ML Reproducibility Crisis

A study from 2016 shows the majority of over 1500 surveyed researchers acknowledged the existence of a reproducibility crisis across various research fields (Baker 2016). Gundersen and Kjensmo (2018) further highlight this by examining the reproducibility of research papers that have been recently submitted to two of the major conference series in the field of AI, namely International Joint Conference on Artificial Intelligence (IJCAI) and Association for the Advancement of Artificial Intelligence (AAAI). For this, they defined the metrics for Experiment Reproducibility (R1), Data Reproducibility (R2) and Methods Reproducibility (R3) and confirmed that none of the 400 papers submitted were fully reproducible according to those metrics. A similar effect can be seen in the field of recommender systems. Less than 50% of algorithms for the traditional top-N recommendation problem submitted to the top-level conferences IJCAI, Knowledge Discovery and Data Mining (KDD) or Special Interest Group on Information Retrieval (SIGIR) were deemed to be reproducible by Cremonesi and Jannach (2021). Finally, the paper Pham et al. (2021) highlighted the unawareness of researchers of the various factors that introduce variance in their experiments by conducting two surveys. The first part consisted of a researcher and practitioner survey which showed that 83.8% of the 901 participants were not aware of any implementation-level variance. Additionally, their literature survey found that only 19.5±3% of research papers published in recent top software engineering, AI, and systems conferences utilise multiple identical training runs to quantify the variance of their results. The evidence suggests that researchers are not only often unaware of implementation level variances impacting their results but also that practices for ensuring reproducibility are insufficiently applied. Addressing this crisis requires effort in order to enhance awareness and adoption of more rigorous reproducibility practices.

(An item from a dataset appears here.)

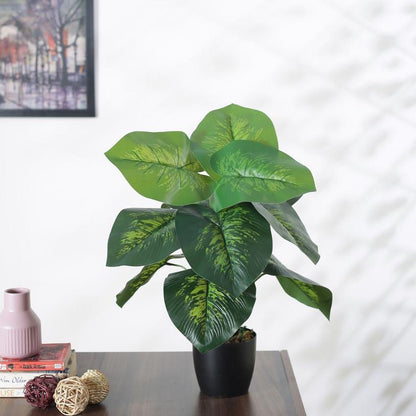 Artificial Pvc Dieffenbachia Silk Plant With Black Pot | 22 Inches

Baker, Monya. 2016. “1,500 Scientists Lift the Lid on Reproducibility.” Nature 533, no. 7604 (May): 452–454. ISSN: 1476-4687. https://doi.org/10.1038/533452a.

Gundersen, Odd Erik, and Sigbjørn Kjensmo. 2018. “State of the Art: Reproducibility in Artificial Intelligence.” Proceedings of the AAAI Conference on Artificial Intelligence 32, no. 1 (April). ISSN: 2374-3468. https://doi.org/10.1609/aaai.v32i1.11503.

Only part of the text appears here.